Available data:

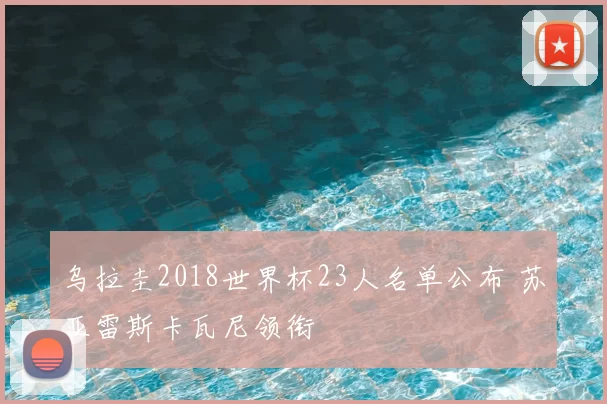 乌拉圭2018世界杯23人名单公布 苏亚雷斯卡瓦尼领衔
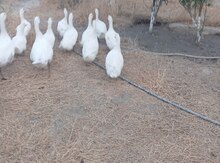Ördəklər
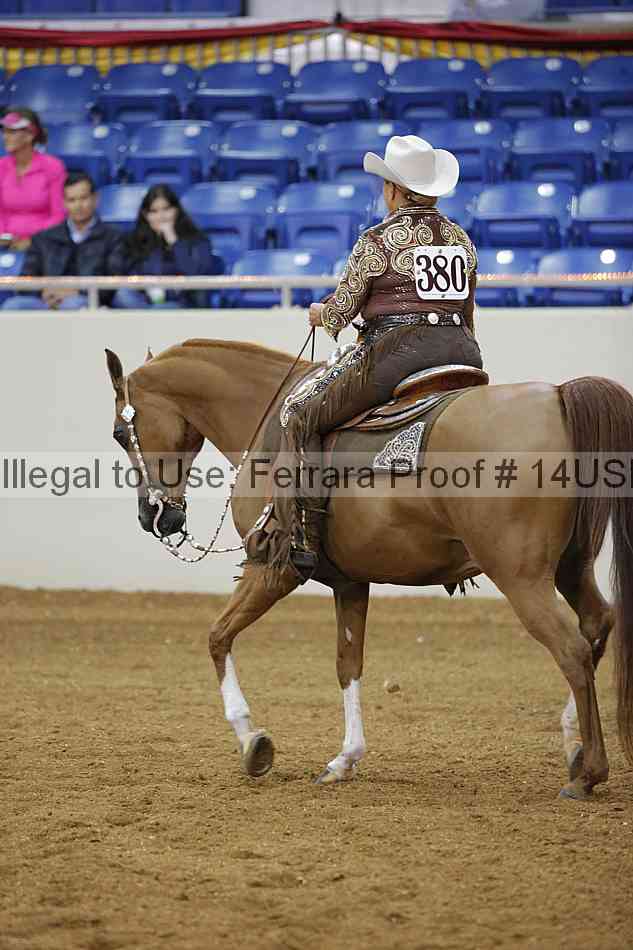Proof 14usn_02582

--

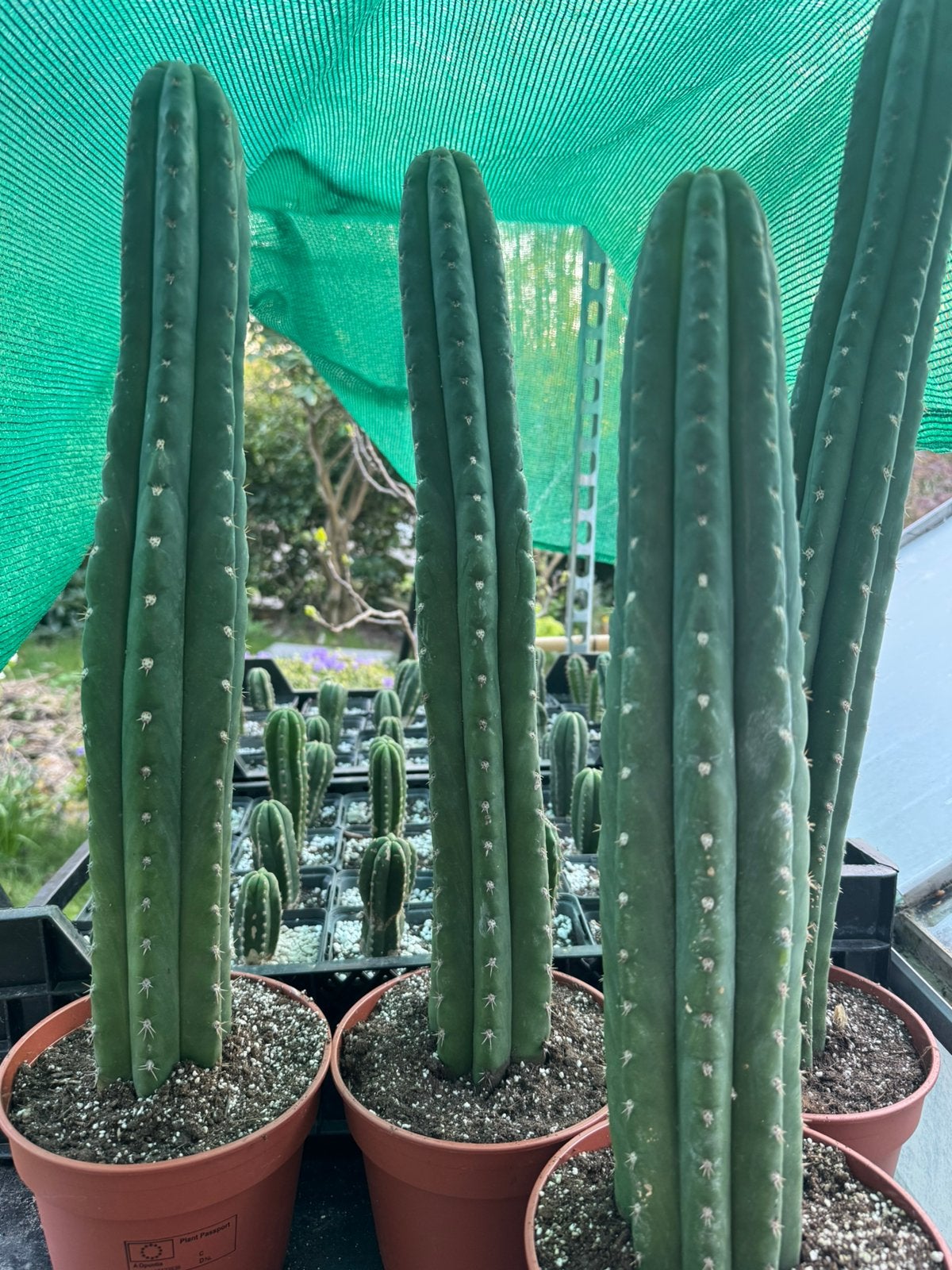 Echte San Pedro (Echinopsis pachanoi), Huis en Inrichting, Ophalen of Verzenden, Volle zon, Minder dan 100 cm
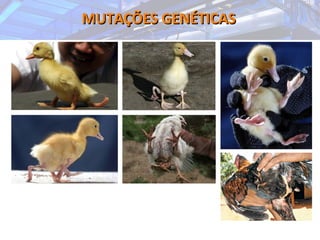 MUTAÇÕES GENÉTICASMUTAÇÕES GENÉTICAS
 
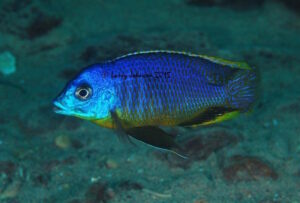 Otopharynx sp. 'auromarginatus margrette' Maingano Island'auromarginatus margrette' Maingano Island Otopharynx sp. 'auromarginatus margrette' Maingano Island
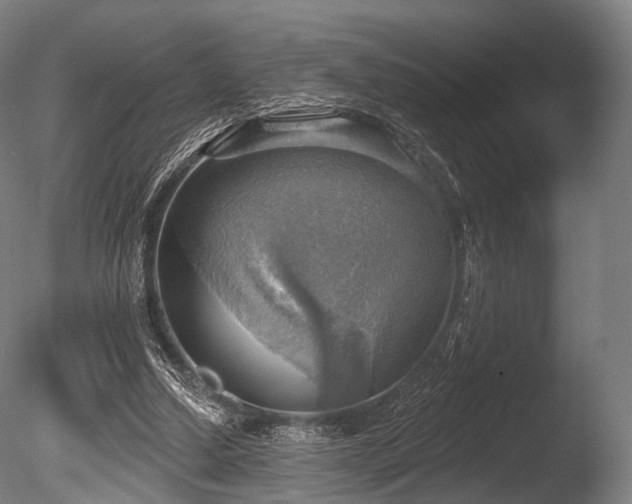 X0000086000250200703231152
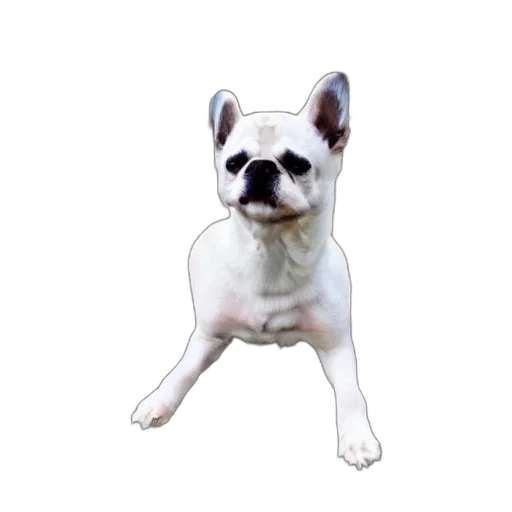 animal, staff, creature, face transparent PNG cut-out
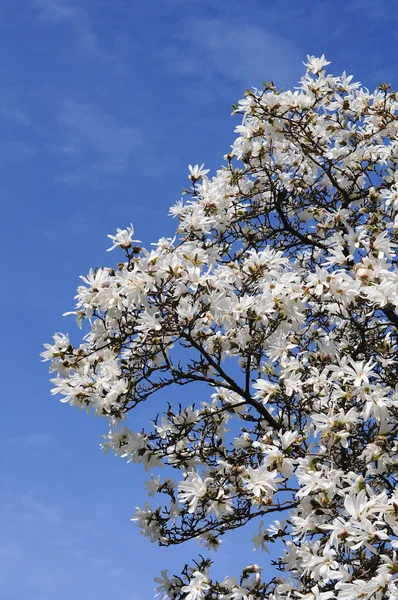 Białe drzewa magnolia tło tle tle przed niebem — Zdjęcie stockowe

==

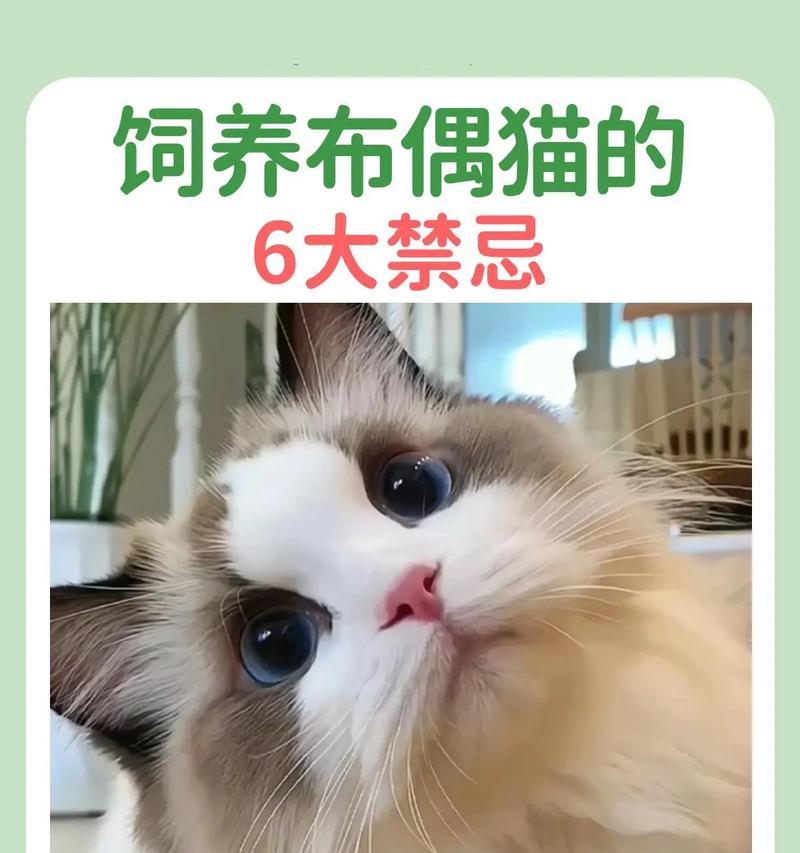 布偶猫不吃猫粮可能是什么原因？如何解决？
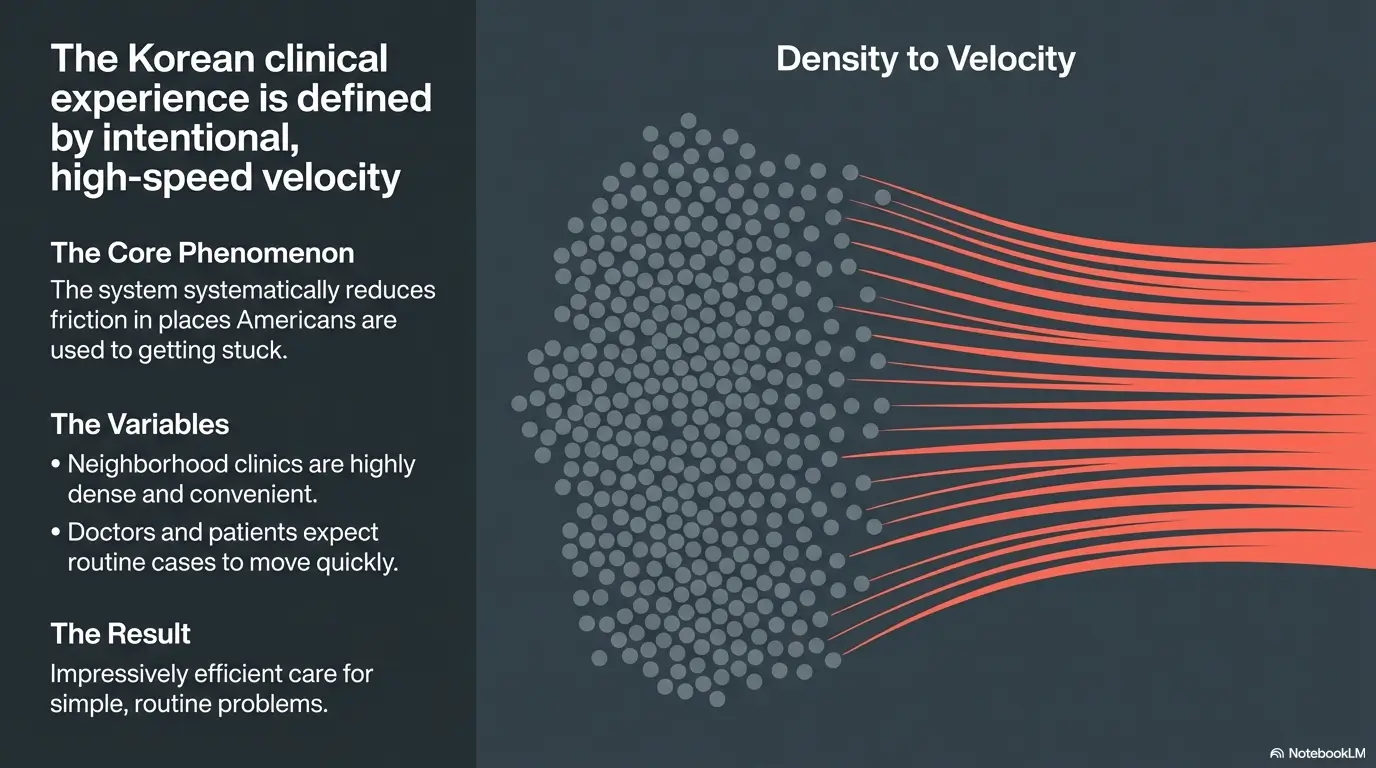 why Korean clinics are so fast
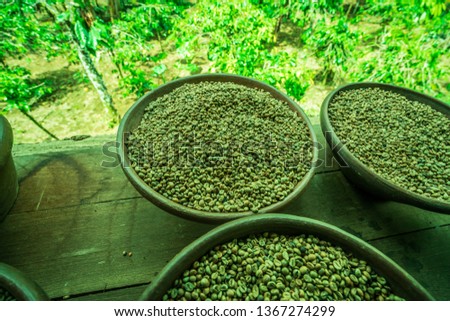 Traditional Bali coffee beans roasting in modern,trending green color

Problem requirements: Reproduce the lines above beginning at the line that contains "乌拉圭2018世界杯23人名单公布 苏亚雷斯卡瓦尼领衔" and ending at the line that contains "Proof 14usn_02582". No pictures.

Expected answer:
 乌拉圭2018世界杯23人名单公布 苏亚雷斯卡瓦尼领衔
Ördəklər
Proof 14usn_02582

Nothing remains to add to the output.